On Thu, Mar 21, 2013 at 12:58 AM, Tom Lane <tgl(at)sss(dot)pgh(dot)pa(dot)us> wrote:

> I had been on the fence about what to do here, but I find Josh's
> arguments persuasive, particularly the second one. Why shouldn't we
> consider an in-progress index to be an uncommitted DDL change?
>
> (Now admittedly, there won't *be* any uncommitted ordinary DDL on tables
> while pg_dump is running, because it takes AccessShareLock on all
> tables. But there could easily be uncommitted DDL against other types
> of database objects, which pg_dump won't even see.)
>
+1. Playing it safe is a better thing to do for sure, especially if a
restore would
fail. I didn't think about that first...

On top of checking indisvalid, I think that some additional checks on
indislive
and indisready are also necessary. As indisready has been introduced in 8.3
and
indislive has been added in 9.3, the attached patch is good I think.
I also added a note in the documentation about invalid indexes not being
dumped.
Perhaps this patch should be backpatched to previous versions in order to
have
the same consistent behavior.

Regards,
--
Michael

Attachment Content-Type Size
20130321_no_dump_indisvalid.patch application/octet-stream 4.2 KB

From: Tom Lane <tgl(at)sss(dot)pgh(dot)pa(dot)us>
To: Michael Paquier <michael(dot)paquier(at)gmail(dot)com>
Cc: Josh Kupershmidt <schmiddy(at)gmail(dot)com>, Simon Riggs <simon(at)2ndquadrant(dot)com>, PostgreSQL mailing lists <pgsql-hackers(at)postgresql(dot)org>
Subject: Re: Ignore invalid indexes in pg_dump
Date: 2013-03-26 21:47:30
Message-ID: 21002.1364334450@sss.pgh.pa.us
Views: Raw Message | Whole Thread | Download mbox | Resend email
Lists: pgsql-hackers

Michael Paquier <michael(dot)paquier(at)gmail(dot)com> writes:
> On top of checking indisvalid, I think that some additional checks on
> indislive and indisready are also necessary.

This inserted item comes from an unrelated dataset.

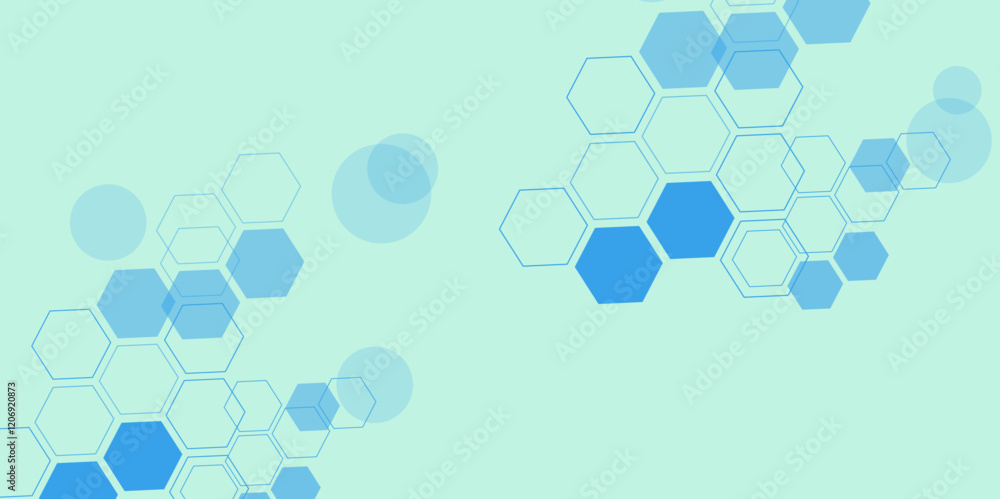 Poster an abstract background of geometric patterns in soft pastels, featuring interlocking hexagons in sha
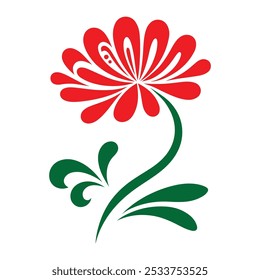 Vector red rose floral silhouette for graphic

Those are not necessary, as an index that is marked indisvalid should
certainly also have those flags set. If it didn't require making two
new version distinctions in getIndexes(), I'd be okay with the extra
checks; but as-is I think the maintenance pain this would add greatly
outweighs any likely value.

I've committed this in the simpler form that just adds indisvalid
checks to the appropriate version cases.

regards, tom lane


From: Michael Paquier <michael(dot)paquier(at)gmail(dot)com>
To: Tom Lane <tgl(at)sss(dot)pgh(dot)pa(dot)us>
Cc: Josh Kupershmidt <schmiddy(at)gmail(dot)com>, Simon Riggs <simon(at)2ndquadrant(dot)com>, PostgreSQL mailing lists <pgsql-hackers(at)postgresql(dot)org>
Subject: Re: Ignore invalid indexes in pg_dump
Date: 2013-03-26 23:19:22
Message-ID: CAB7nPqTn660ArfDjpRpzhdoKdJke=+sZKJmUw8bQ6VKMdDheBg@mail.gmail.com
Views: Raw Message | Whole Thread | Download mbox | Resend email
Lists: pgsql-hackers

On Wed, Mar 27, 2013 at 6:47 AM, Tom Lane <tgl(at)sss(dot)pgh(dot)pa(dot)us> wrote:

> Michael Paquier <michael(dot)paquier(at)gmail(dot)com> writes:
> > On top of checking indisvalid, I think that some additional checks on
> > indislive and indisready are also necessary.
>
> Those are not necessary, as an index that is marked indisvalid should
> certainly also have those flags set. If it didn't require making two
> new version distinctions in getIndexes(), I'd be okay with the extra
> checks; but as-is I think the maintenance pain this would add greatly
> outweighs any likely value.
>
> I've committed this in the simpler form that just adds indisvalid
> checks to the appropriate version cases.
>
Thanks.
--
Michael